Carol Penkert purchased a fully assembled Phantom Swirl eBike from Costco Wholesale Corp. While she was riding the bike near her home, she pressed the bike’s right-handed lever as she approached a speedbump. The lever engaged the front brake instead of the back brake, and Penkert was hurled over the handlebars and onto the roadway. She suffered permanent injuries, including loss of her right eye.
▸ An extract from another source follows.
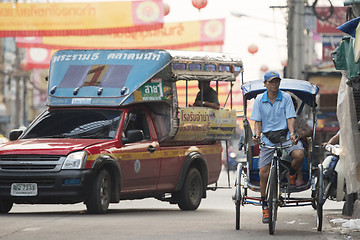 Image showing ASIA THAILAND BANGKOK NOTHABURI TRANSORT BICYCLE TAXI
She sued manufacturer Phantom Bikes, Inc., and Costco Wholesale Corp. in California state court, alleging negligence, strict liability design and manufacturing defects, and strict liability failure to warn. The plaintiff asserted that her injuries resulted in part from Phantom’s design of the braking system and that the company had failed to comply with 16 C.F.R. §1512.5(b)(8), which covers hand lever locations for bicycles.
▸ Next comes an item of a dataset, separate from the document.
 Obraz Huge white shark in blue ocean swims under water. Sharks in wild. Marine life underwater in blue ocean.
Phantom filed a notice of removal to federal district court, arguing the action presented a federal question and warranted diversity jurisdiction.
The plaintiff moved to remand.
Granting the motion, the district court noted that the fact that a federal statute has been violated and this caused someone to suffer harm does not automatically give rise to a private cause of action. Here, the court said, section 1512 does not confer any substantive federal rights on individuals and does not provide a method for those aggrieved to recover. Moreover, the court said that Congress has not authorized private citizens to sue for violations of federal bicycle regulations, opening the door to federal suits sounding in negligence and products liability. Converting the plaintiff’s suit to a federal case would disrupt the balance between state and federal judiciaries, the court found.
Concluding that the plaintiff’s claim did not implicate a federal right or present a substantive federal question, the court remanded.
Citation: Penkert v. Phantom Bikes, Inc., 2022 WL 1515522 (S.D. Cal. May 13, 2022).
Plaintiff counsel: AAJ member David S. Casey, San Diego; and Satyasrinivas Hanumadass, Los Angeles.